■ **INSTRUCTIONS TO FOLLOW**
Pictures in the data below are not part of the copy; transcribe everything else exactly.

■ **SUPPLIED INFORMATION**
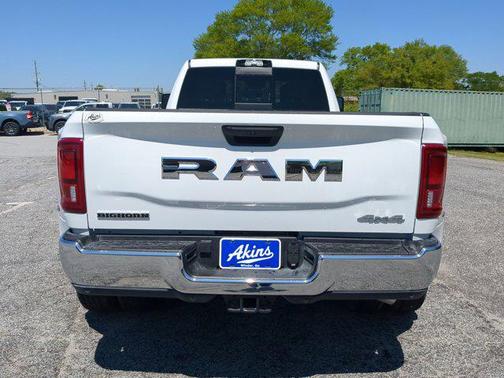 2025 RAM 3500 Big Horn Crew Cab 4x4 8' Box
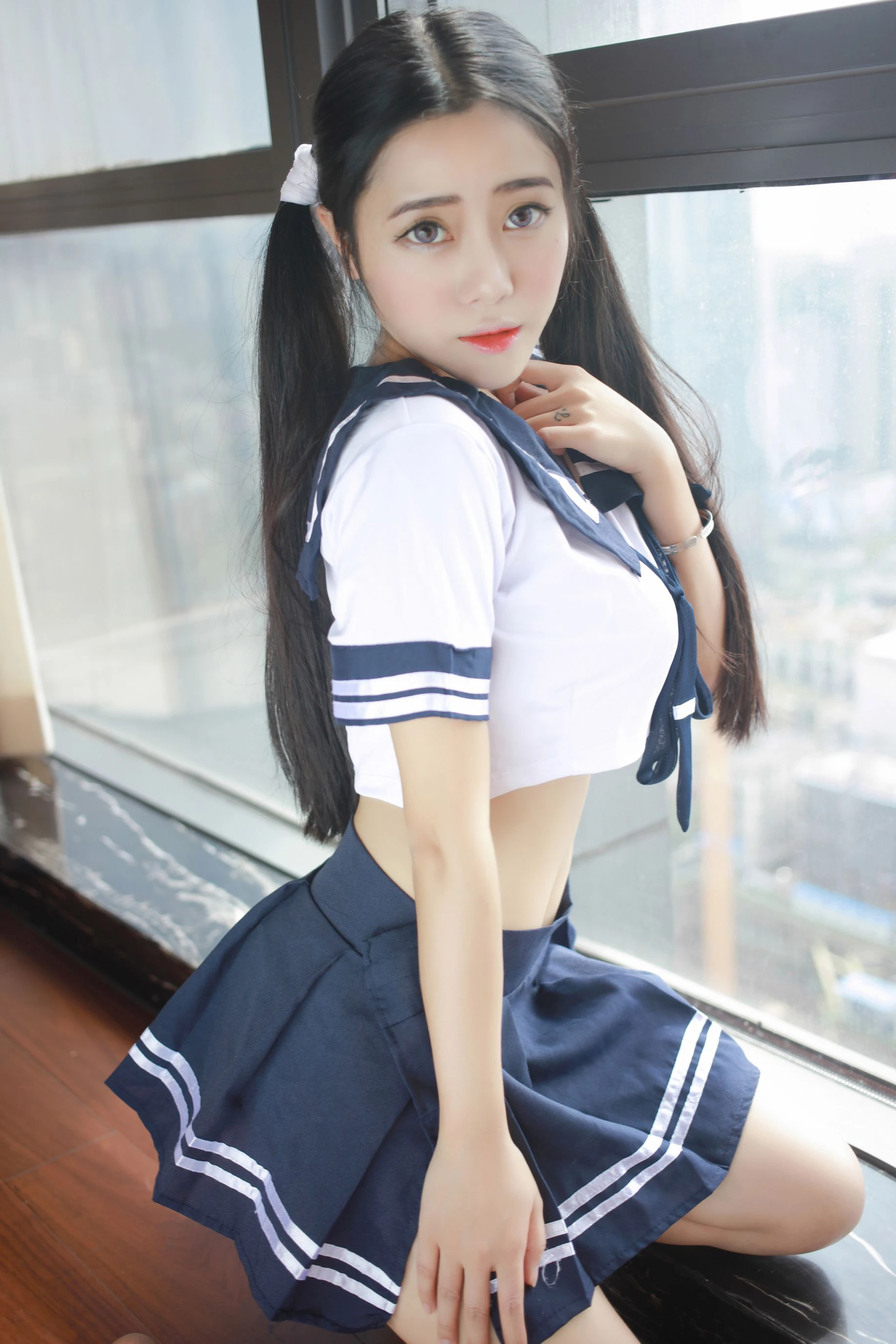 兜豆靓Youlina《3套性感制服系列》 模范学院 Vol.032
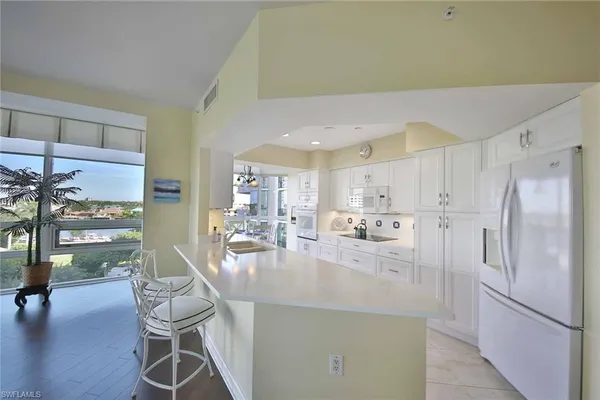 $12,500 | 4255 Gulf Shore Boulevard North, Unit 407, Naples, FL 34103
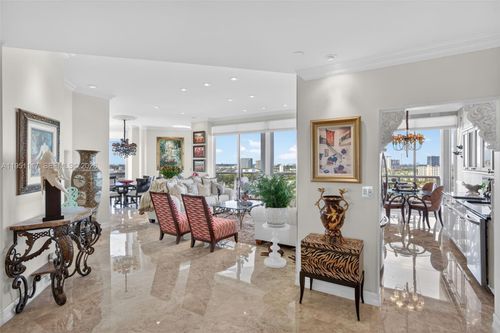 ph2-3598 Yacht Club Dr, Aventura, FL, 33180-4009 | Card Image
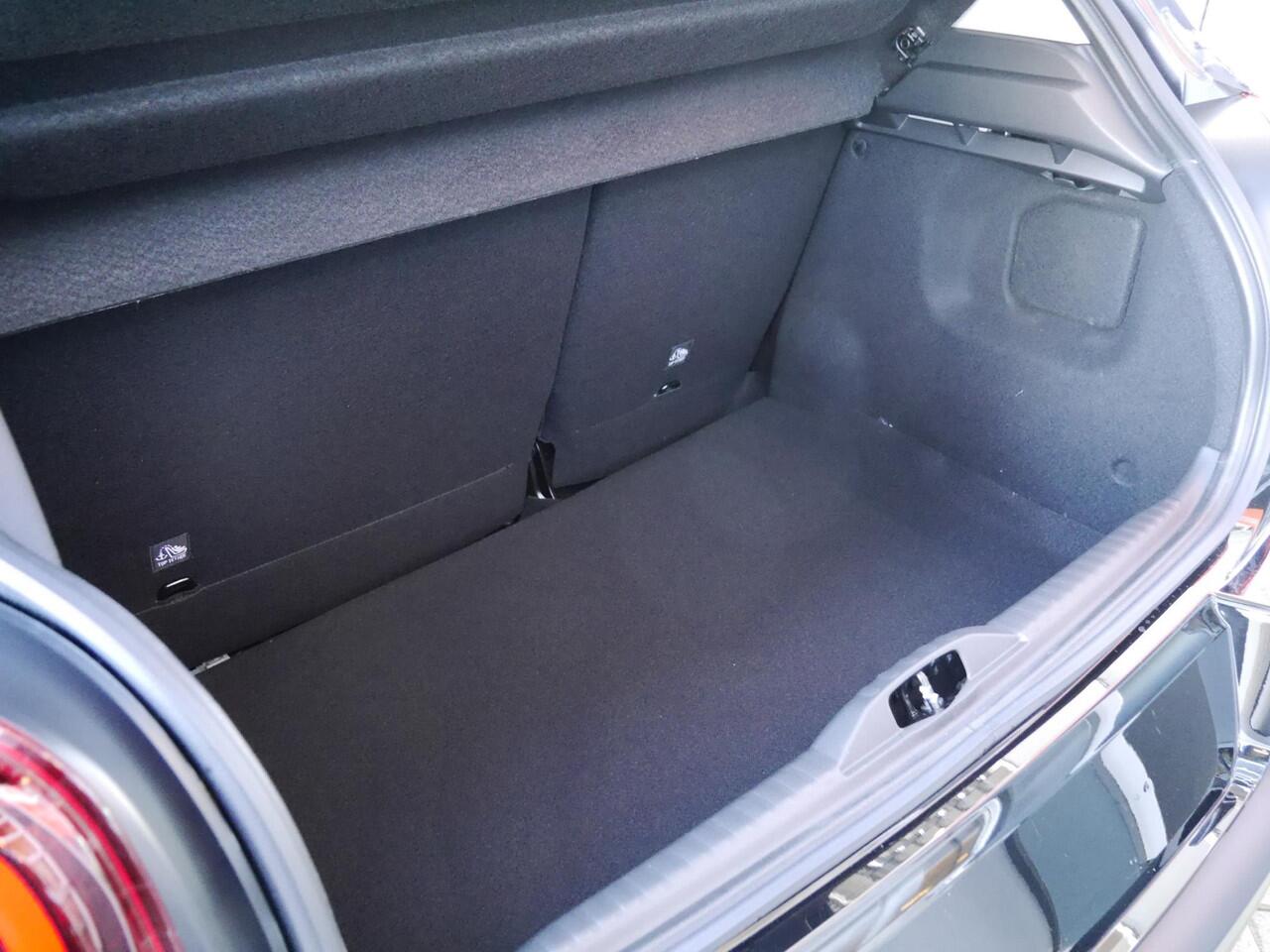 Citroen C3 1.2 PureTech Feel Edition Two-Tone | Achteruitrijcamera | Navigatie | Elektrische ramen | Lichtmetalen velgen | Cruise control | Mistlampen | Android auto | Apple carplay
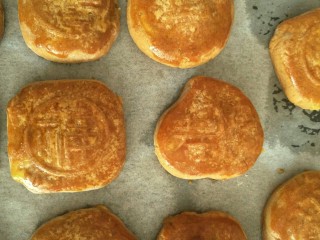 23、中式点心#潮汕腐乳饼#,预热烤箱200°,中层上下火先烤10分钟取出表面刷蛋黄水,继续烤10分钟即可(蛋黄加一点点水就是蛋黄水了)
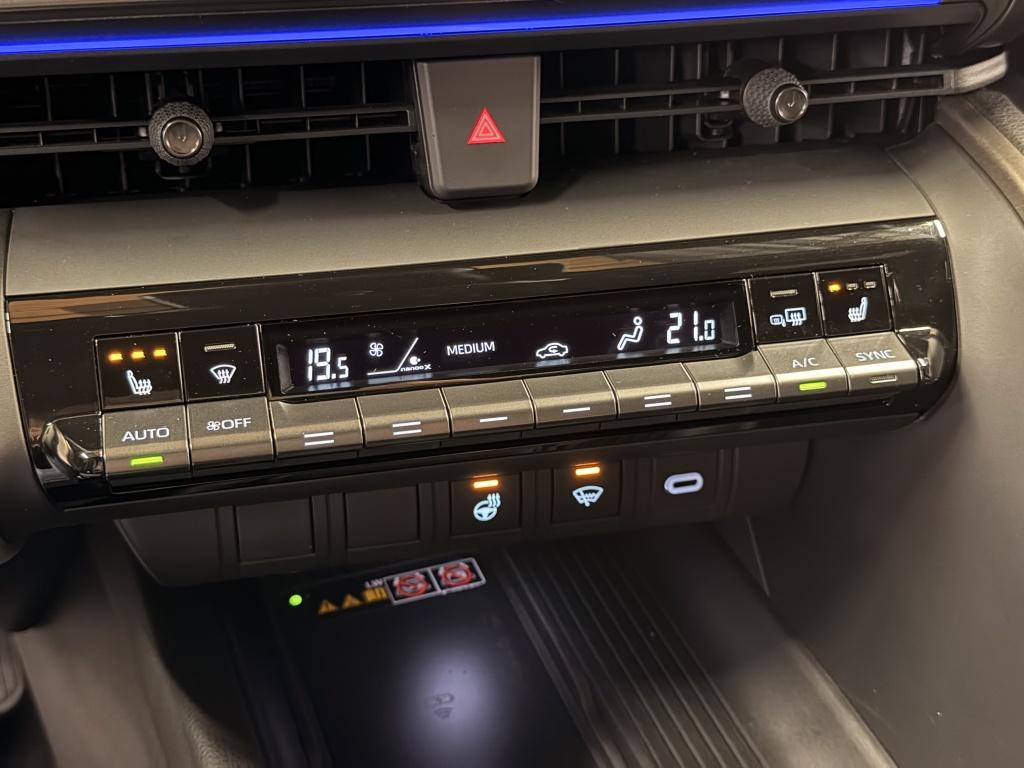 Toyota C-hr 2.0 hybrid 200 exec jbl audio - panoramadak - memory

■ **SOLUTION TO THIS TASK**
 2025 RAM 3500 Big Horn Crew Cab 4x4 8' Box
 兜豆靓Youlina《3套性感制服系列》 模范学院 Vol.032
 $12,500 | 4255 Gulf Shore Boulevard North, Unit 407, Naples, FL 34103
 ph2-3598 Yacht Club Dr, Aventura, FL, 33180-4009 | Card Image
 Citroen C3 1.2 PureTech Feel Edition Two-Tone | Achteruitrijcamera | Navigatie | Elektrische ramen | Lichtmetalen velgen | Cruise control | Mistlampen | Android auto | Apple carplay
 23、中式点心#潮汕腐乳饼#,预热烤箱200°,中层上下火先烤10分钟取出表面刷蛋黄水,继续烤10分钟即可(蛋黄加一点点水就是蛋黄水了)
 Toyota C-hr 2.0 hybrid 200 exec jbl audio - panoramadak - memory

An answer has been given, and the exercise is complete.